David Reitter - ACL Anthology

David Reitter

2024

Investigating Content Planning for Navigating Trade-offs in Knowledge-Grounded Dialogue
Kushal Chawla | Hannah Rashkin | Gaurav Singh Tomar | David Reitter
Proceedings of the 18th Conference of the European Chapter of the Association for Computational Linguistics (Volume 1: Long Papers)

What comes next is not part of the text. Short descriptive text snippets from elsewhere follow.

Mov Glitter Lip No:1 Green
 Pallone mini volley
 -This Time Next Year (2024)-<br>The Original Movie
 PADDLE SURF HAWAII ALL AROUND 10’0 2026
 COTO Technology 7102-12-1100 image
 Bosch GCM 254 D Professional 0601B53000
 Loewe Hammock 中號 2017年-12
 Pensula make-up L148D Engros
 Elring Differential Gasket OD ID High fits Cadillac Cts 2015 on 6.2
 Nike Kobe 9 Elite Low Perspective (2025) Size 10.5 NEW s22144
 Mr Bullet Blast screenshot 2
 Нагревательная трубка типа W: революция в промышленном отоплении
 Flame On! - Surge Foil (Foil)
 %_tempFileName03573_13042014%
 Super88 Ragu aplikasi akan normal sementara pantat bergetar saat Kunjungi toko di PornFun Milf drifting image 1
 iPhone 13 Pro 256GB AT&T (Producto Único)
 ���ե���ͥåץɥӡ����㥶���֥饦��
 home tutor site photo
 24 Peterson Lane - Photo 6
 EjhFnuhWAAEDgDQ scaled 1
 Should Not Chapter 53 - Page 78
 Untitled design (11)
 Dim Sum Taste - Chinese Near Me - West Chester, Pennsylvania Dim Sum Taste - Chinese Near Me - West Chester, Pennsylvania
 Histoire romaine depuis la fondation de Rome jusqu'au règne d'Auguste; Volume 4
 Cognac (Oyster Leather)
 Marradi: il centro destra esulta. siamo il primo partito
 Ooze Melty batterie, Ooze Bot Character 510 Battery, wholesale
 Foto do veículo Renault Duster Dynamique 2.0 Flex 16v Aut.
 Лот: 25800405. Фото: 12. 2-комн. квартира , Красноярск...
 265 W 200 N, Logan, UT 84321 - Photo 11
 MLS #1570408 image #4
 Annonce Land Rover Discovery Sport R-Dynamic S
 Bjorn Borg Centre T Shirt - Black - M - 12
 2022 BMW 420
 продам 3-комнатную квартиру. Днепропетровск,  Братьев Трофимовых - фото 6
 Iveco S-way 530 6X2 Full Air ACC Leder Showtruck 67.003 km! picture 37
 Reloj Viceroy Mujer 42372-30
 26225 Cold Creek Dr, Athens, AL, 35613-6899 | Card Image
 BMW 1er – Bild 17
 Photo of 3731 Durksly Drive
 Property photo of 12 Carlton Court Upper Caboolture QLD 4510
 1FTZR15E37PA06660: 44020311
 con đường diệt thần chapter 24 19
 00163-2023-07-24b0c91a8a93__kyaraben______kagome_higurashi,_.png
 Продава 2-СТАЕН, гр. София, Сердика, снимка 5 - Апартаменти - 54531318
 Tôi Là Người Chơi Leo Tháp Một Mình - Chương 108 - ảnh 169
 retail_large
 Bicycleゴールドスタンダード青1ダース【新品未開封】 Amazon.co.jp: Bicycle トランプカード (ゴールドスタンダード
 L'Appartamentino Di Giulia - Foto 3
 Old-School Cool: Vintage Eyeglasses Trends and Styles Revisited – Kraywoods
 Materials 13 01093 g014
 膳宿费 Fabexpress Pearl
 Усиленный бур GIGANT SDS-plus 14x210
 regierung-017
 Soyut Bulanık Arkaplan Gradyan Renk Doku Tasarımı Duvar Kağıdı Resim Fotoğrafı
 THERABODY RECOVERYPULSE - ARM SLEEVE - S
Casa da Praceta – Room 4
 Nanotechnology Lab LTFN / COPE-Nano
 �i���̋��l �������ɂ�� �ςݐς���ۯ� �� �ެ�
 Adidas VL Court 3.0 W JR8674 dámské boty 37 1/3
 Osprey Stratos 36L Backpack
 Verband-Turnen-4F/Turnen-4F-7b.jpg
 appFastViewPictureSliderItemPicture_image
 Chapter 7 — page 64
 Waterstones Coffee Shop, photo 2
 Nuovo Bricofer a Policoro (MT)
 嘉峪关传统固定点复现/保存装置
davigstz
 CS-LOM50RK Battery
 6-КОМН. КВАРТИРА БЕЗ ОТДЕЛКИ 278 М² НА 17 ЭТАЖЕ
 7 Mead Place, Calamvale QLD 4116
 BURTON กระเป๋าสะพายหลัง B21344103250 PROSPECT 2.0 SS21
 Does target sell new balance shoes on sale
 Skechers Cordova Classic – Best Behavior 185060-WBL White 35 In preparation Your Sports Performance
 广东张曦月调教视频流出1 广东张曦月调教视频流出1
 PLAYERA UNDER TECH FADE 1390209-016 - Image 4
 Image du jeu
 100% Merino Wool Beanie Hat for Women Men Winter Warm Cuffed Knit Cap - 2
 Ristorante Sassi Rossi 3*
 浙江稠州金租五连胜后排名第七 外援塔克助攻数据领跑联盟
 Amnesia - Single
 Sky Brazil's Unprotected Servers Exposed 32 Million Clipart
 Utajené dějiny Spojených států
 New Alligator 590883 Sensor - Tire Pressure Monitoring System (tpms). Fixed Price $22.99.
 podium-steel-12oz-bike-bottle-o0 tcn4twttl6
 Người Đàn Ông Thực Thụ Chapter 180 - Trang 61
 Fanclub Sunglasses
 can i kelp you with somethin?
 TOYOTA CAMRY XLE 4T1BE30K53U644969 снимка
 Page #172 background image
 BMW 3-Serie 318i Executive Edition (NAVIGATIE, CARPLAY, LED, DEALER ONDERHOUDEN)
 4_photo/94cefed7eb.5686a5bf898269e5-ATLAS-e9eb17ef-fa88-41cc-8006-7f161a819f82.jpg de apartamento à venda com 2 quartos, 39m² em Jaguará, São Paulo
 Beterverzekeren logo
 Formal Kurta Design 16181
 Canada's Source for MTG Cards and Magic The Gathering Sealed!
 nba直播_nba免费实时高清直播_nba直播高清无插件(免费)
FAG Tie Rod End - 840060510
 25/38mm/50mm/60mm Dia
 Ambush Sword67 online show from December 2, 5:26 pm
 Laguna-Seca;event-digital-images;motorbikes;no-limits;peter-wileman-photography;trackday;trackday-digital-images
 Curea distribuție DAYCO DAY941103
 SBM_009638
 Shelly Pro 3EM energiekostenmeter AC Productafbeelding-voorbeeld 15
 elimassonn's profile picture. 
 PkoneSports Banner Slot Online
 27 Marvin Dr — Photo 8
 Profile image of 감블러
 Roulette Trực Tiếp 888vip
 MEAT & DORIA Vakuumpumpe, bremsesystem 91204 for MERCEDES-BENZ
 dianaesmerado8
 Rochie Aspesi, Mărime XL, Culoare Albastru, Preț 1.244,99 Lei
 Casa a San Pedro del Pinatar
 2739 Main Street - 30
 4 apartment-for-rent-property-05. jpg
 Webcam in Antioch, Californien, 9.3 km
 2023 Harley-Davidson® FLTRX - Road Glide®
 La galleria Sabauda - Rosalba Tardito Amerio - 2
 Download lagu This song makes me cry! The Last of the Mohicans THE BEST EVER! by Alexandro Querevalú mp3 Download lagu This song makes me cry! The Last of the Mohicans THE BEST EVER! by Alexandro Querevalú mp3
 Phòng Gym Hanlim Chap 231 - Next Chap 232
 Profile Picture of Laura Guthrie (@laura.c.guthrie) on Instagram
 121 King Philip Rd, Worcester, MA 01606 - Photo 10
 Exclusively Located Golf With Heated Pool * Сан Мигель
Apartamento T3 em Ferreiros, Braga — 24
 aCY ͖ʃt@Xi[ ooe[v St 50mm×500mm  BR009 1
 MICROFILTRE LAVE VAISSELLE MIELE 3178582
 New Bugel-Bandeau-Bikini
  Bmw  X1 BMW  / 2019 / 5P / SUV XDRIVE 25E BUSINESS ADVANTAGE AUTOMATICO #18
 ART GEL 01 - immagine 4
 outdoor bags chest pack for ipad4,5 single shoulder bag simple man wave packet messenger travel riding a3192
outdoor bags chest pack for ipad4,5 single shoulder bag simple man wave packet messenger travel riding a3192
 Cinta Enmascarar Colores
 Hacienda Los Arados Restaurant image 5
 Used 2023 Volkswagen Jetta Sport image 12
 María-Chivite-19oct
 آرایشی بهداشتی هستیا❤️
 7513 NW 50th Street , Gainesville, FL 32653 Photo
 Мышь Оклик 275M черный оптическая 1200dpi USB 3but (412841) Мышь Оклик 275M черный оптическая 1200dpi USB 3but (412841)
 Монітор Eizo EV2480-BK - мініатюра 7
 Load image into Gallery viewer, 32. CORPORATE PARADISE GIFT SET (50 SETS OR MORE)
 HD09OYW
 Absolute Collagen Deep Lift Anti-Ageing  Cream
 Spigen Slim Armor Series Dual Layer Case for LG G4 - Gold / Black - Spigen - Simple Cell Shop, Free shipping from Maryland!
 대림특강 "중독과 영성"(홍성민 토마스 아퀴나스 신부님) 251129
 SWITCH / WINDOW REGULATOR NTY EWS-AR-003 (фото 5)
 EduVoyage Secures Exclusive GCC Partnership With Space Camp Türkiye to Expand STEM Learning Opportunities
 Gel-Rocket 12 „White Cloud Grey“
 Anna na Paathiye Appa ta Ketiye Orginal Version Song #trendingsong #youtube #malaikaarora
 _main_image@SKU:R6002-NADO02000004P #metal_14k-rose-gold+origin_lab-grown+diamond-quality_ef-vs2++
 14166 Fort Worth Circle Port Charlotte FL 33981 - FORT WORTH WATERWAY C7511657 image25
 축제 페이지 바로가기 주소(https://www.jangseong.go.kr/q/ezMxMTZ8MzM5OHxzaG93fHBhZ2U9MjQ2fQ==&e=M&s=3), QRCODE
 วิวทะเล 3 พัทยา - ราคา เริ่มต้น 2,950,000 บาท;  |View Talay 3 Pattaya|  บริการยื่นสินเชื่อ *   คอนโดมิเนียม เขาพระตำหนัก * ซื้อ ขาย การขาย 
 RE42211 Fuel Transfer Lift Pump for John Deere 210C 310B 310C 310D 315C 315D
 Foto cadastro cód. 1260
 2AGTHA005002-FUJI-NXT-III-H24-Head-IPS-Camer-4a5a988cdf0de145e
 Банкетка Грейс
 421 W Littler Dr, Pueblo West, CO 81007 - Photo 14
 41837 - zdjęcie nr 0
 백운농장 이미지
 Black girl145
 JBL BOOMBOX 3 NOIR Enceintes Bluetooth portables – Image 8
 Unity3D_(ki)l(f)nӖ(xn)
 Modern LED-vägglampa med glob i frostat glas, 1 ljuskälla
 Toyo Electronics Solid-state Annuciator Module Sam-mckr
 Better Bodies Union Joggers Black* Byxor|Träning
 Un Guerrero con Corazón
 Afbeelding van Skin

Knowledge-grounded dialogue generation is a challenging task because it requires satisfying two fundamental, yet often competing constraints: being responsive in a manner that is specific to what the conversation partner has said while also being attributable to an underlying source document. In this work, we bring this trade-off between these two objectives (specificity and attribution) to light, and ask the question: Can explicit content planning before the response generation help the model to address this challenge? To answer this question, we design a framework called PLEDGE, which allows us to experiment with various plan variables explored in prior work supporting both metric-agnostic and metric-aware approaches. While content planning shows promise, our results on whether it can actually help to navigate this trade-off are mixed – planning mechanisms that are metric-aware (use automatic metrics during training) are better at automatic evaluations but underperform in human judgment compared to metric-agnostic mechanisms. We discuss how this may be caused by over-fitting to automatic metrics, and the need for future work to better calibrate these metrics towards human judgment. We hope the observations from our analysis will inform future work that aims to apply content planning in this context.

2023

Measuring Attribution in Natural Language Generation Models
Hannah Rashkin | Vitaly Nikolaev | Matthew Lamm | Lora Aroyo | Michael Collins | Dipanjan Das | Slav Petrov | Gaurav Singh Tomar | Iulia Turc | David Reitter
Computational Linguistics, Volume 49, Issue 4 - December 2023

Large neural models have brought a new challenge to natural language generation (NLG): It has become imperative to ensure the safety and reliability of the output of models that generate freely. To this end, we present an evaluation framework, Attributable to Identified Sources (AIS), stipulating that NLG output pertaining to the external world is to be verified against an independent, provided source. We define AIS and a two-stage annotation pipeline for allowing annotators to evaluate model output according to annotation guidelines. We successfully validate this approach on generation datasets spanning three tasks (two conversational QA datasets, a summarization dataset, and a table-to-text dataset). We provide full annotation guidelines in the appendices and publicly release the annotated data at https://github.com/google-research-datasets/AIS.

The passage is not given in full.